# YOUR INSTRUCTIONS:
Reproduce exactly the lines of the material beneath, from the line that contains "IP68 Waterproof Phone" to the line that contains "Langostino de San", both included, and no other lines.

# AVAILABLE DATA:

####################

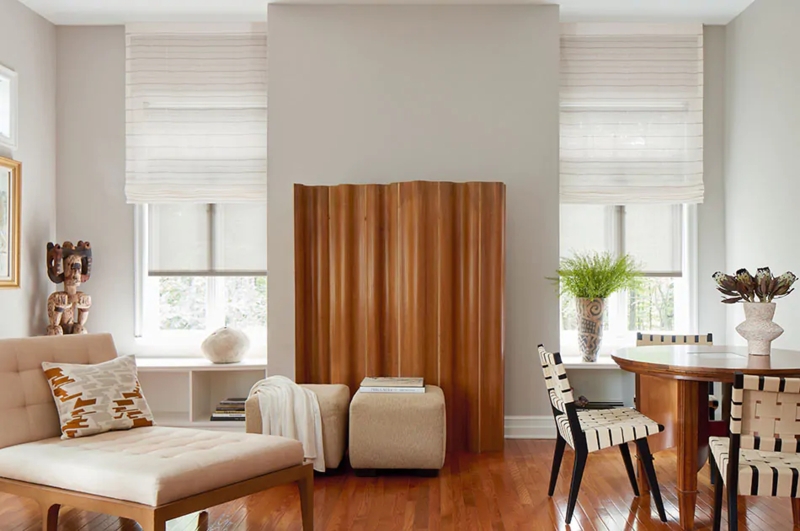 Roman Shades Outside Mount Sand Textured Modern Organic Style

####################

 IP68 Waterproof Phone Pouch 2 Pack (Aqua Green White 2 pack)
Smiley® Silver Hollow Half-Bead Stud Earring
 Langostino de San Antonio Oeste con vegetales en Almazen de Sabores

####################

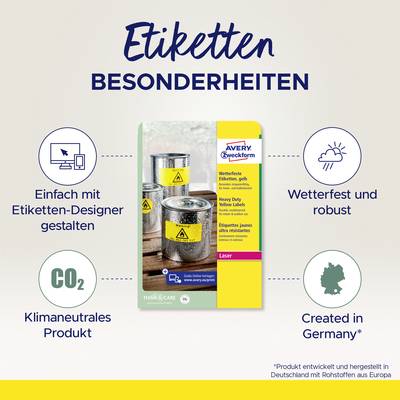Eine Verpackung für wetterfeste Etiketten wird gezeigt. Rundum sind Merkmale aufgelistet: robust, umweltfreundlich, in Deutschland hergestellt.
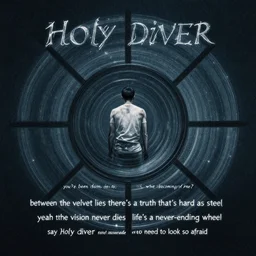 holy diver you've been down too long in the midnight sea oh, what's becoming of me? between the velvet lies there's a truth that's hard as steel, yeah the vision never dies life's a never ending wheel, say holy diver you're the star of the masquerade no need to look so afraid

####################

# EXPECTED ANSWER:
 IP68 Waterproof Phone Pouch 2 Pack (Aqua Green White 2 pack)
Smiley® Silver Hollow Half-Bead Stud Earring
 Langostino de San Antonio Oeste con vegetales en Almazen de Sabores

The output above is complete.